When it comes to studying the Milky Way Galaxy, there’s more than meets the eye — quite literally.

Astronomy is one of the oldest natural sciences. For hundreds of years, we’ve been able to study the movement of the planets because we can see matter moving, which is dictated by gravity.

But there's an influencer in our galaxy other than gravity: the magnetic field. It’s a relatively new discovery (by new, think the last 100 years) and scientists still have a lot to learn about it.

Rebecca Booth, a third-year PhD student in physics and astronomy, is one scientist who is dedicated to learning more about the Milky Way’s magnetic field. Booth was the recipient of both a Vanier Canada Graduate Scholarship, one of the most competitive and prestigious graduate awards in Canada, as well as a Killam Award for her research on creating a three-dimensional map of the galactic magnetic field — quite the task for something that is impossible to see.
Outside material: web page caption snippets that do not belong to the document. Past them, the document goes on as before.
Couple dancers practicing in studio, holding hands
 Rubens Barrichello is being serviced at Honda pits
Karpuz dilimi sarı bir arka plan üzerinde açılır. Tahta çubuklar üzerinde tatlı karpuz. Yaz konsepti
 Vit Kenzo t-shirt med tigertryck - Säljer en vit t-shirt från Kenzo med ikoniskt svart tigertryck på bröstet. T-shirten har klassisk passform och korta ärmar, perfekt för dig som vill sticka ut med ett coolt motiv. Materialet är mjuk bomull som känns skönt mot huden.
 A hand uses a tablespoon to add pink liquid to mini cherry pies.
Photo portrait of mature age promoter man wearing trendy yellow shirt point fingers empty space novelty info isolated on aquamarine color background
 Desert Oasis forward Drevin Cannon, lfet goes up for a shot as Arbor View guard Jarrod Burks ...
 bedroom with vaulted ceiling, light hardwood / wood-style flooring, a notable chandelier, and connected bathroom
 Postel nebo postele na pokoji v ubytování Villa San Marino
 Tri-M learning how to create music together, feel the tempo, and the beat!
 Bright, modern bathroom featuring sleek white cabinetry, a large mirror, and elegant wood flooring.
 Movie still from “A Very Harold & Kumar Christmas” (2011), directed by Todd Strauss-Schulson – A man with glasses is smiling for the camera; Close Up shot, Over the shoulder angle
“It’s this huge magnetic field, and we don’t know what it looks like,” says Booth, BEd ‘07, MSc ‘21. “One of the biggest challenges in astronomy is you can’t just go there and measure it with an instrument because the galaxy is so big.”

Using a radio telescope to create the first map

The galactic magnetic field is impossible to see with a standard optical telescope. The only way to map the magnetic field is through radio astronomy, which measures radio waves.

“We’re trying to measure the galactic magnetic field, but we can’t just look at it because magnetic fields don’t give off light,” says Booth. “Instead, we have to look at how the magnetic field affects light that passes through it.”

From that information, Booth and scientists from around the world are attempting to create a three-dimensional map of the magnetic field. Although study in this area is relatively new, Booth and her colleagues do know the magnetic field plays a vital role in galactic dynamics, including holding up the galaxy from gravitational collapse, the formation of stars and potentially even the formation of the entire galaxy.

“Understanding galactic dynamics helps us understand fundamental things like where the galaxy came from, how it formed and how it’s going to continue to develop,” says Booth. 

A homegrown telescope

To measure the radio waves from the galactic magnetic field, Booth and her supervisors, Dr. Jo-Anne Brown, PhD, and Dr. Tom Landecker, PhD, use a telescope at the Dominion Radio Astrophysical Observatory (DRAO) in central British Columbia. Their work is part of the Global Magneto-Ionic Medium Survey, an international effort by 32 scientists from eight countries to map the polarized radio sky.

Booth emphasizes that not many people know that Canada is a world leader in radio astronomy. Having this “homegrown” telescope in Western Canada means skills are being built locally that can contribute to fields outside of astronomy. After all, the techniques used in radio astronomy ended up helping the development of Wi-Fi — something most of us can’t imagine living without.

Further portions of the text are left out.